The irony is that baseball score keeping is a pitch right in the wheelhouse of a younger generation, a generation that documents everything, usually with a cellphone. It’s a different way of taking pictures.
A commenter on the NPR blog captures the sentiment perfectly:
I have hand-written journals from my past that are like little time machines. That’s one way of keeping score. And it’s their imperfect nature that gives them character: the dog-eared pages, the changes in the slant and shape of the letters that reflect my mood at the time, a picture drawn in the margin, the wine and food stains.
I suppose I could have a nicely styled digital version, a blog or some such, but it would never ‘keep score’ with the same depth and breadth of my manual scribblings.
I also find it fascinating to read them years later and realize how much the past has changed, and keeps changing.
Today, I went to the Depository of All Things Important But Rarely Seen — the closet in the den — and dug around until I found these four scorecards I’d forgotten I had: Shea Stadium in 1985, Busch Stadium in St.
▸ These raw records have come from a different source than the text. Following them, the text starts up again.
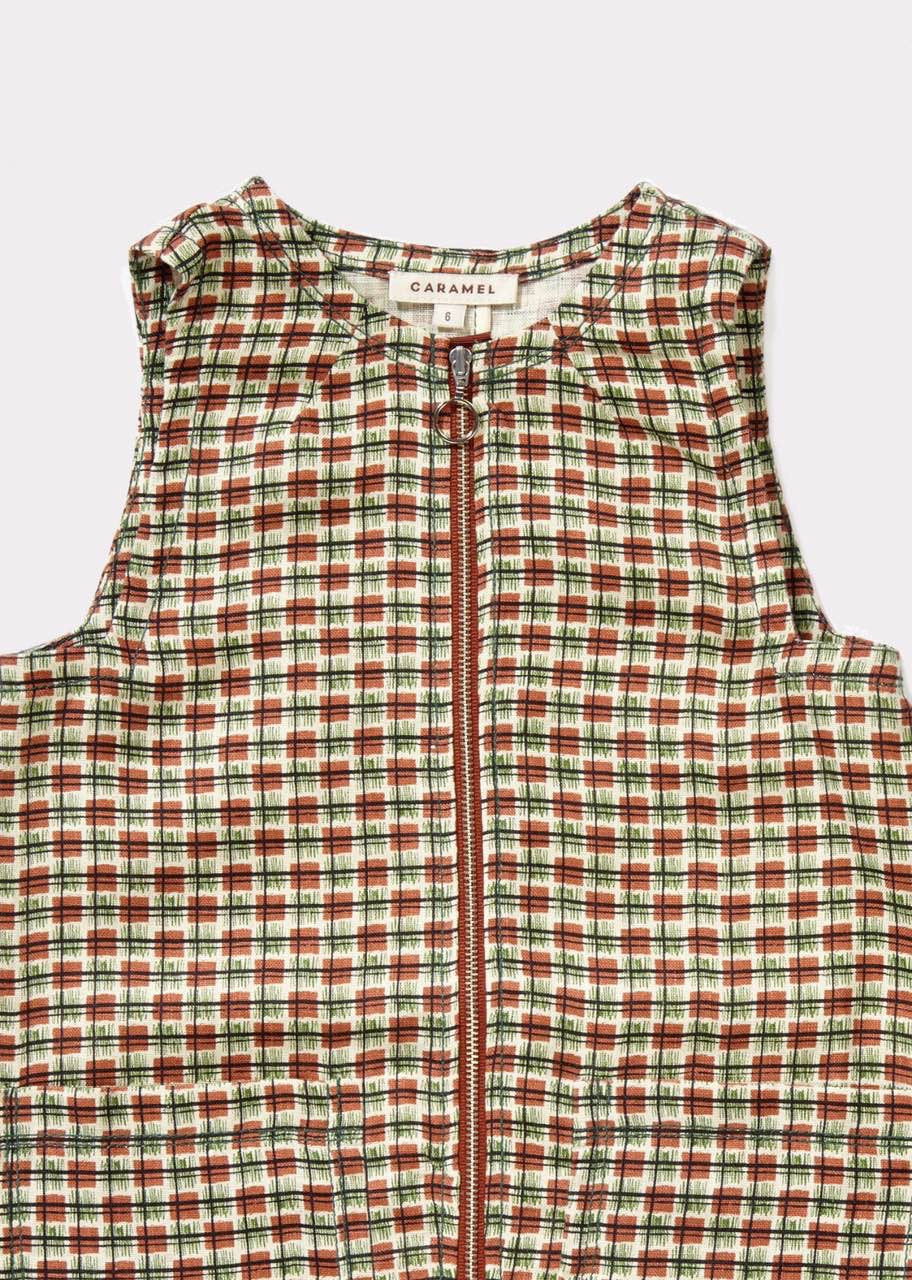 Girls Green Checked Dress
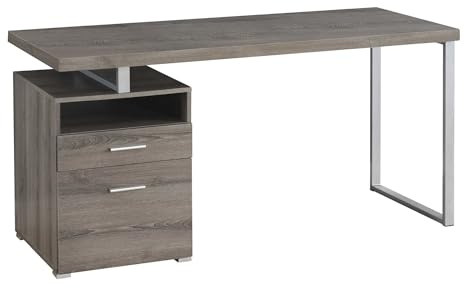 Monarch Specialties Computer Writing Desk for Home & Office Laptop Table with Drawers Open Shelf and File Cabinet-Left or Right Set Up, 60 L, Dark Taupe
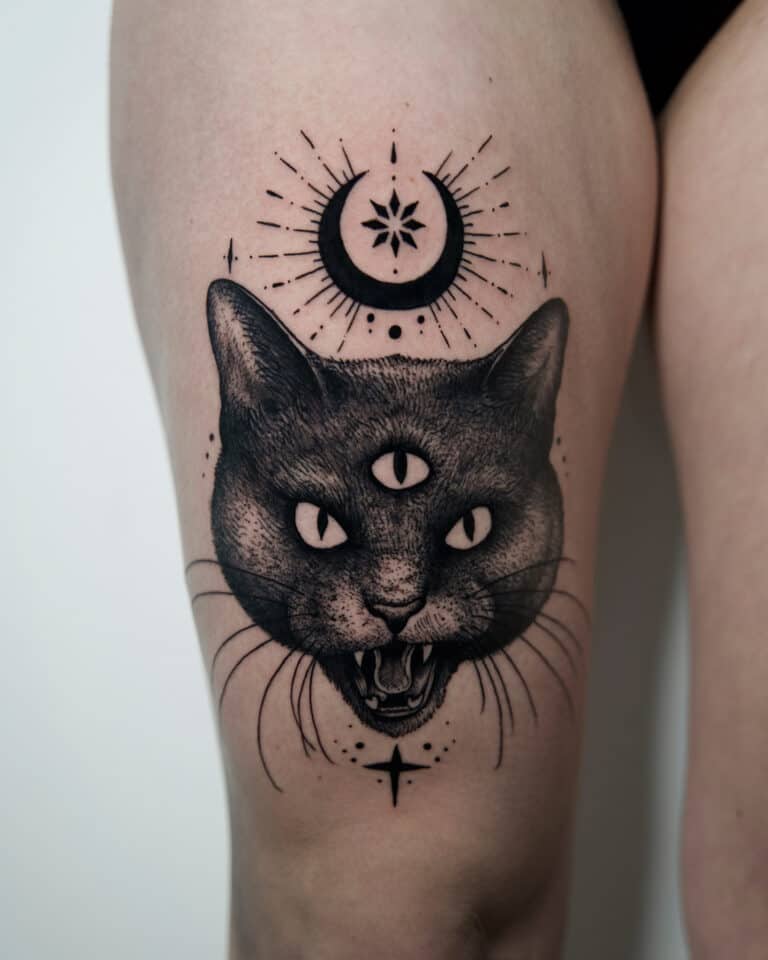 7sinstattoo.pl Czarno-szary tatuaż Poznań na udzie człowieka przedstawia głowę kota z trzema oczami, otwartą paszczą pokazującą zęby i szczegółowe wąsy. Nad kotem znajduje się półksiężyc, gwiazda i dodatkowe elementy dekoracyjne. Odwiedź najlepsze studio tatuażu Poznań, aby uzyskać wyjątkową sztukę tatuażu z wzorami takimi jak Копия DSC03086оьоо. Najlepsze studio tatuażu Seven Sins Tattoo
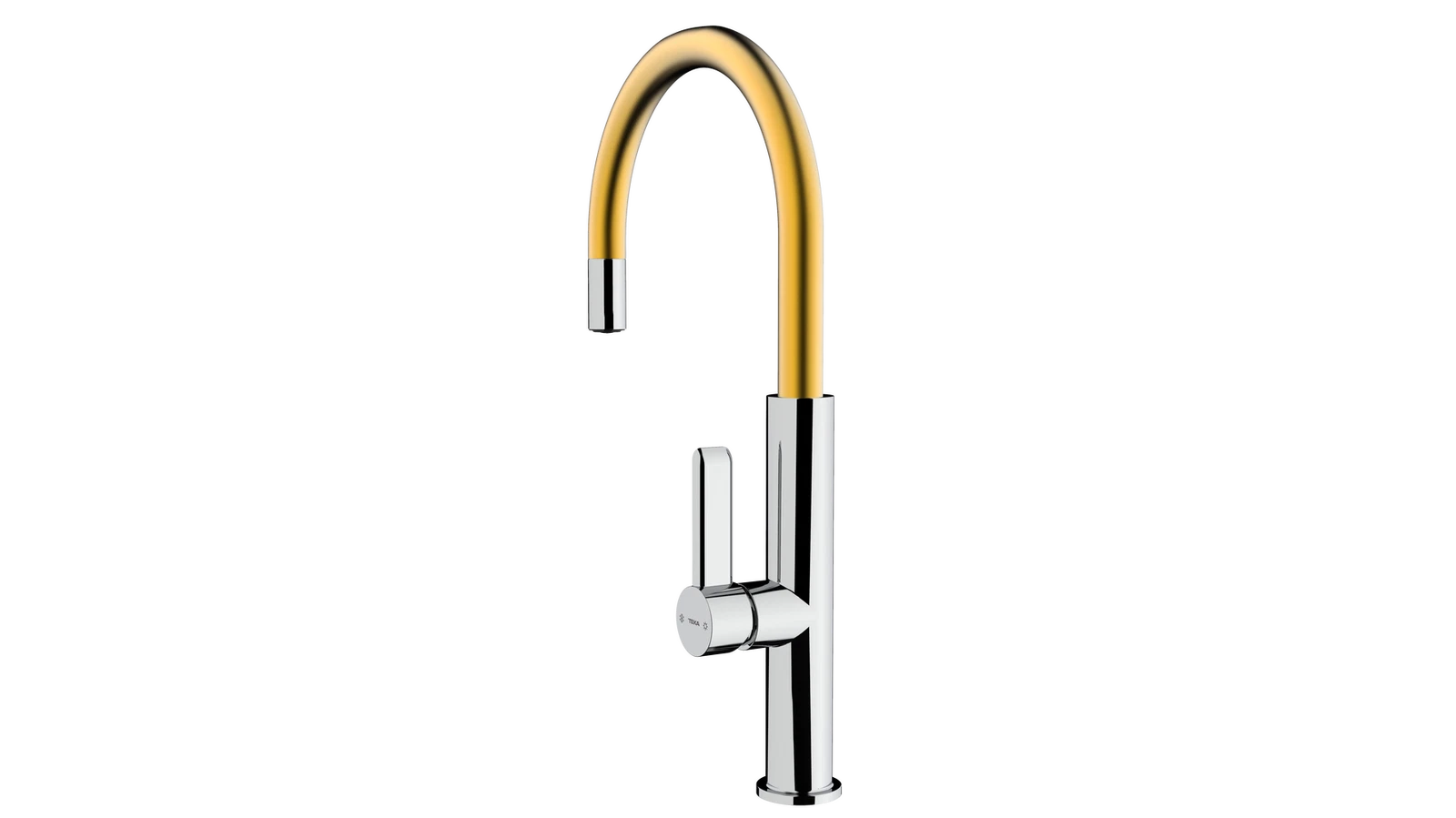 Смеситель с высоким поворотным изливом. Люксовое долговечное PVD-покрытие. FOT 995 BRASS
Louis in 1994, Jacob’s Field in Cleveland in 1994, and the Metrodome in 1994.
Why I saved them, I don’t know, but each provided a unique snapshot of a moment for which I had no pictures.
July 24, 1985 was a day off for me when I worked in New York. It was a Thursday and the Mets had senior citizen discount day games on Thursdays back then. The scorecard reveals Pete Rose was playing. It was the last season in which he’d appear in more than 100 games. It also reveals the game was pretty dull, since I started sketching Shea Stadium. That must be the “art” Reusse was talking about.
The Twins-Indians game at the Dome in April ’94. The scorecard says I sat in Section 134. Row 1. Seats 3 & 4. Metrodome fans will recognize the location as the Twins bullpen:
The notes in the Coke logos reveal I was much more descriptive than I usually was (click image to enlarge). Kirby Puckett’s hitting streak ended at 22 that day, I noted. But you know what I remember? My son dropping his baseball glove into the Twins’ bullpen. Don’t ask me why. That’s baseball.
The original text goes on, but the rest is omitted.